Records from a dataset:

· · · · · · ·

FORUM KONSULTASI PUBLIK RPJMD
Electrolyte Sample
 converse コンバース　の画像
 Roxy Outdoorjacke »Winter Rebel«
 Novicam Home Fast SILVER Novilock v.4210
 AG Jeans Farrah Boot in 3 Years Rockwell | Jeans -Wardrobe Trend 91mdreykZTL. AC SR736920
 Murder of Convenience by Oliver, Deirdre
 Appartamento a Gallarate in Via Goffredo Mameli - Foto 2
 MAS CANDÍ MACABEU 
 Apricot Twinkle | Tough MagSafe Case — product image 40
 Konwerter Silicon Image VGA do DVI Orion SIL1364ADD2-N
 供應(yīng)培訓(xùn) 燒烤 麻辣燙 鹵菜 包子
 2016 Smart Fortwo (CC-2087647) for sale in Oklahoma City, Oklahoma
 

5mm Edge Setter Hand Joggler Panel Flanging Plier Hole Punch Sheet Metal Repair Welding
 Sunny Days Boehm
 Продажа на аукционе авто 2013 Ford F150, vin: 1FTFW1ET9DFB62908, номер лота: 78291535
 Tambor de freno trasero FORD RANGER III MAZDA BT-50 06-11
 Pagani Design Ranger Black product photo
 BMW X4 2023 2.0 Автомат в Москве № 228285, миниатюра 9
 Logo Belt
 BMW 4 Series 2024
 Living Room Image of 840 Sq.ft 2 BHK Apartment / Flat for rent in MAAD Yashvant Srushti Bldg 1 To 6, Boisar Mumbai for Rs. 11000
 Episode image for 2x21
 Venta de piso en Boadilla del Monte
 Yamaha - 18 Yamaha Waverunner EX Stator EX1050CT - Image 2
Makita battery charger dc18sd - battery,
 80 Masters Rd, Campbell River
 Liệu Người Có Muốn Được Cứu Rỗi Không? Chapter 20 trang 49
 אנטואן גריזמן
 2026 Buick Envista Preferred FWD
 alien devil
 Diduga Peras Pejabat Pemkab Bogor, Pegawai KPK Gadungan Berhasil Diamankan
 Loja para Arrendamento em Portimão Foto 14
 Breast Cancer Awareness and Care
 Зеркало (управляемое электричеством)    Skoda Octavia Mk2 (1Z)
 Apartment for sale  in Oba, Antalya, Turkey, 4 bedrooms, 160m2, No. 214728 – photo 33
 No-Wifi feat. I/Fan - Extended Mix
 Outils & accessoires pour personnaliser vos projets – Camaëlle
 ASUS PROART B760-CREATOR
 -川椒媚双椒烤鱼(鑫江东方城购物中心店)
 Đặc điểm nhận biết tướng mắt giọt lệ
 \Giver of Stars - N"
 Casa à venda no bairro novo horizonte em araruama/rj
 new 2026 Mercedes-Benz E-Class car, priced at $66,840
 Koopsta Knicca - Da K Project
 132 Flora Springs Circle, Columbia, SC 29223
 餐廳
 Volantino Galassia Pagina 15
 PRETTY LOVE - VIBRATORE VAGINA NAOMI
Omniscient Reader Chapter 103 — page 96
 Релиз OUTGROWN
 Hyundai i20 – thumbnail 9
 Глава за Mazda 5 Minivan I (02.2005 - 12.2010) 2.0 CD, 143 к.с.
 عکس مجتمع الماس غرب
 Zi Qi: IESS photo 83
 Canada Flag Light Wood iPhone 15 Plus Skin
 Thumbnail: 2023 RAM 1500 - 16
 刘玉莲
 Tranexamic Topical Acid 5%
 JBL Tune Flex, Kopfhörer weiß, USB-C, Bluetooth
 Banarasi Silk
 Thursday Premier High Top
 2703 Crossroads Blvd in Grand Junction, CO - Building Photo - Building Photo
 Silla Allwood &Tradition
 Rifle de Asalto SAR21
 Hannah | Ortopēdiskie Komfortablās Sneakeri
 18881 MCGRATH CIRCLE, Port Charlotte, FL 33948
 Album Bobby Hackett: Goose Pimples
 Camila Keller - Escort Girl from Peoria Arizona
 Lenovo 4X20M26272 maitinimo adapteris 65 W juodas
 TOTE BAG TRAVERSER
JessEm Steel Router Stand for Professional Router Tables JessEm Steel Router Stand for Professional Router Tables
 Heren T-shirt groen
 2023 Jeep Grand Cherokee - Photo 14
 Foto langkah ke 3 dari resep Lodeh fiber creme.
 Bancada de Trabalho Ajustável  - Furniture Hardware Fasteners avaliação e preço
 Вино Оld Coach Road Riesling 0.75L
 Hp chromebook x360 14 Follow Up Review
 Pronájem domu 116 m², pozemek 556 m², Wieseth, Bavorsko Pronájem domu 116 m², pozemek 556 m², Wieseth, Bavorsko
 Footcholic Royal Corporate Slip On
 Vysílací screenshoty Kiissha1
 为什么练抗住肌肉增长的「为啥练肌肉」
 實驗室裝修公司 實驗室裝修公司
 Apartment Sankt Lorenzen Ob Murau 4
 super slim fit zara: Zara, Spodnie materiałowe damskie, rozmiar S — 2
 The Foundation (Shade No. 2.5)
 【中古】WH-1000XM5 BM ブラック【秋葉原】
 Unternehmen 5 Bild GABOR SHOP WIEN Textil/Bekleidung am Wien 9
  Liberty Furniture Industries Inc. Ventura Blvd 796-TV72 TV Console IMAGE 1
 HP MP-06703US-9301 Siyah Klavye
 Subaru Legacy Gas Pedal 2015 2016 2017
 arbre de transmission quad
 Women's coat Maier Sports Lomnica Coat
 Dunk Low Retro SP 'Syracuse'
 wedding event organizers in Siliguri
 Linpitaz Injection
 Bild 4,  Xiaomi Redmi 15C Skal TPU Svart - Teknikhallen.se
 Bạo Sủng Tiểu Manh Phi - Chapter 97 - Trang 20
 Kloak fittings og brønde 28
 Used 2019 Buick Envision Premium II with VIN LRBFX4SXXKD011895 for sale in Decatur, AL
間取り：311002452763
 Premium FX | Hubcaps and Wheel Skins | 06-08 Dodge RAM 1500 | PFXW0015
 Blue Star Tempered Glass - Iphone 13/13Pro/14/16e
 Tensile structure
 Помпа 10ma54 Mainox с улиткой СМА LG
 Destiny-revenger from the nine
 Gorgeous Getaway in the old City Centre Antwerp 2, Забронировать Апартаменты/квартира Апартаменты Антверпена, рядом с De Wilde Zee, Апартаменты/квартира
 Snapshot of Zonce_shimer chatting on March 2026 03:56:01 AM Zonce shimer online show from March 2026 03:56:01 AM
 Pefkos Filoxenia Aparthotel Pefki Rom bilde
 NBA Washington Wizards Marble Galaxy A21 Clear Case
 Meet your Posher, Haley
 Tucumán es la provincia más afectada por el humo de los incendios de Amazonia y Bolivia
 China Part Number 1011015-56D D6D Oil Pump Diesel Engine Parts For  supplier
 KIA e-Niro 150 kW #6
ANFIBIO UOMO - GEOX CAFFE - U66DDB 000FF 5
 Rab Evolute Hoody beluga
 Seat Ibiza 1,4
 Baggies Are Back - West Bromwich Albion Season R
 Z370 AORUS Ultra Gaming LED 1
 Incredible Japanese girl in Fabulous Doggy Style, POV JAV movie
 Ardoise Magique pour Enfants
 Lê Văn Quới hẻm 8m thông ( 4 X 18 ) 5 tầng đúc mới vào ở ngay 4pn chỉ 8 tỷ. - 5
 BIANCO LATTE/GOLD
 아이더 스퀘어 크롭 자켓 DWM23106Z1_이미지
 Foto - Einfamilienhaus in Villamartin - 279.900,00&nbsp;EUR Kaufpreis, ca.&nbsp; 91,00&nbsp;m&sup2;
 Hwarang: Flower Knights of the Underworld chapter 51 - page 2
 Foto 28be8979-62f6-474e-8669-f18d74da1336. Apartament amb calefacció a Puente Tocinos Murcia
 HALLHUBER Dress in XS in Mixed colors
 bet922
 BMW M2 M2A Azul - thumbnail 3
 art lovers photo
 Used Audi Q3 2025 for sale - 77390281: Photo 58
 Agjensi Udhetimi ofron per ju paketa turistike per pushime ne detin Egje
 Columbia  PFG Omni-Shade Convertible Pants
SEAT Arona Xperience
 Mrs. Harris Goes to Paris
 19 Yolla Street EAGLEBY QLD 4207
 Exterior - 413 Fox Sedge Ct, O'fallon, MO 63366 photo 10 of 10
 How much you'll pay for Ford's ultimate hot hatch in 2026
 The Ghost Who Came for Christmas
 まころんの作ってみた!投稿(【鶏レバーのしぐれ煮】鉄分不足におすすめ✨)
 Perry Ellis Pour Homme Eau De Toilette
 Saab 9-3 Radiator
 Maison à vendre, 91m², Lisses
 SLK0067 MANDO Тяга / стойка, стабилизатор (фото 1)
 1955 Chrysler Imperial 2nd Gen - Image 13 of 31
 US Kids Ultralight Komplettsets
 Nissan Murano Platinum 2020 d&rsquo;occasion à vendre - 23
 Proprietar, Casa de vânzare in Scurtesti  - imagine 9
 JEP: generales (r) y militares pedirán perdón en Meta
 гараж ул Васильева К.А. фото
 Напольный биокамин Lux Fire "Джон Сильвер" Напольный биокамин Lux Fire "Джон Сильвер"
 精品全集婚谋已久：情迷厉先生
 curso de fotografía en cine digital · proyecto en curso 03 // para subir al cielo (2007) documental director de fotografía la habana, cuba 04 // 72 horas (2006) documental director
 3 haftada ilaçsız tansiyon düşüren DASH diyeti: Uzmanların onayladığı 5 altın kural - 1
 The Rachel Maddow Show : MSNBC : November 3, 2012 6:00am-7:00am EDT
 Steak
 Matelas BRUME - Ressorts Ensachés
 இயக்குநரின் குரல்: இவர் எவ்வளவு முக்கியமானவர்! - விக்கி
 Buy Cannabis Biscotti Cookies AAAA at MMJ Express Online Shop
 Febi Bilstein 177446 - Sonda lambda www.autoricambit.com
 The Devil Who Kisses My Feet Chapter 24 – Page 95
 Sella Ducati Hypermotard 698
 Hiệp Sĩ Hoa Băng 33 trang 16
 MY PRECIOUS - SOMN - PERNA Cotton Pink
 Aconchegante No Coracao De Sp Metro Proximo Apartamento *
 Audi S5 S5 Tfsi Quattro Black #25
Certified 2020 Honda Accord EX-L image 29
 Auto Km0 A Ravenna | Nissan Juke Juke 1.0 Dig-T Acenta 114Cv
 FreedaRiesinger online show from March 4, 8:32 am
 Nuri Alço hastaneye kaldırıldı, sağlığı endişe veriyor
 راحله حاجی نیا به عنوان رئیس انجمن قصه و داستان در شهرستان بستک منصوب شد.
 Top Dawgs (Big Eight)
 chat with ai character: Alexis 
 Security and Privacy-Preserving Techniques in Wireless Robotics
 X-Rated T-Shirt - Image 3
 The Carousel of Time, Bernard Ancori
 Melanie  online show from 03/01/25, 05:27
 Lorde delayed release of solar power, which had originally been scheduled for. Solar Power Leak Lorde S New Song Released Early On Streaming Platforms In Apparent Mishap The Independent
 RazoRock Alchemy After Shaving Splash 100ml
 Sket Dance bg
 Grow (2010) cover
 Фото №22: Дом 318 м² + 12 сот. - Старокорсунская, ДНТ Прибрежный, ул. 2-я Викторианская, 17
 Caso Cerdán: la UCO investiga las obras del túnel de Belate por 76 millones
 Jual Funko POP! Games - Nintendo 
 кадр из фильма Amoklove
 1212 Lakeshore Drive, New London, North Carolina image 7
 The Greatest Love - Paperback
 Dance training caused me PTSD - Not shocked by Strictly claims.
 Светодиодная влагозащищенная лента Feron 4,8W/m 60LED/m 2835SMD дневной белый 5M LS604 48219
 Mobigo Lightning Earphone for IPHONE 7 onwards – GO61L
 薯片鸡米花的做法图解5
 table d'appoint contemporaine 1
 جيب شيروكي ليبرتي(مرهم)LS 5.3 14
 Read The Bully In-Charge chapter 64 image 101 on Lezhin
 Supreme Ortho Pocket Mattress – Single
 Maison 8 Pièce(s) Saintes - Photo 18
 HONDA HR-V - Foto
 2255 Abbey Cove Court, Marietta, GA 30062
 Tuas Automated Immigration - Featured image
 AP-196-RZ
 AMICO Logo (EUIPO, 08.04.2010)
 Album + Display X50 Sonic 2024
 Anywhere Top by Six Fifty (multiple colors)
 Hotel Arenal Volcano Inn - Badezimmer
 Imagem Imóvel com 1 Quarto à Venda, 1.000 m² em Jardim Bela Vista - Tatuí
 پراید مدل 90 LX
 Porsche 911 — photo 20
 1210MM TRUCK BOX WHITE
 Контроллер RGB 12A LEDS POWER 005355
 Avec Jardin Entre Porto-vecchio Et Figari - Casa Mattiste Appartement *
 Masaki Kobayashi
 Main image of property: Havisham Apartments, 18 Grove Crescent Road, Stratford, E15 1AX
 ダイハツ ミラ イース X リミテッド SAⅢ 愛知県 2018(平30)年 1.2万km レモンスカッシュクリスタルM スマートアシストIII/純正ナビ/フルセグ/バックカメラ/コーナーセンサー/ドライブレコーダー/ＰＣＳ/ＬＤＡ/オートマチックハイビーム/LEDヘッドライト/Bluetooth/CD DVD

· · · · · · ·

▶ [WORK TO BE COMPLETED] Could you reproduce, exactly, every line above from the line with "Hwarang: Flower Knights" to the line with "Saab 9-3 Radiator", and no other line? Both ends count.

▶ [FINAL ANSWER]
 Hwarang: Flower Knights of the Underworld chapter 51 - page 2
 Foto 28be8979-62f6-474e-8669-f18d74da1336. Apartament amb calefacció a Puente Tocinos Murcia
 HALLHUBER Dress in XS in Mixed colors
 bet922
 BMW M2 M2A Azul - thumbnail 3
 art lovers photo
 Used Audi Q3 2025 for sale - 77390281: Photo 58
 Agjensi Udhetimi ofron per ju paketa turistike per pushime ne detin Egje
 Columbia  PFG Omni-Shade Convertible Pants
SEAT Arona Xperience
 Mrs. Harris Goes to Paris
 19 Yolla Street EAGLEBY QLD 4207
 Exterior - 413 Fox Sedge Ct, O'fallon, MO 63366 photo 10 of 10
 How much you'll pay for Ford's ultimate hot hatch in 2026
 The Ghost Who Came for Christmas
 まころんの作ってみた!投稿(【鶏レバーのしぐれ煮】鉄分不足におすすめ✨)
 Perry Ellis Pour Homme Eau De Toilette
 Saab 9-3 Radiator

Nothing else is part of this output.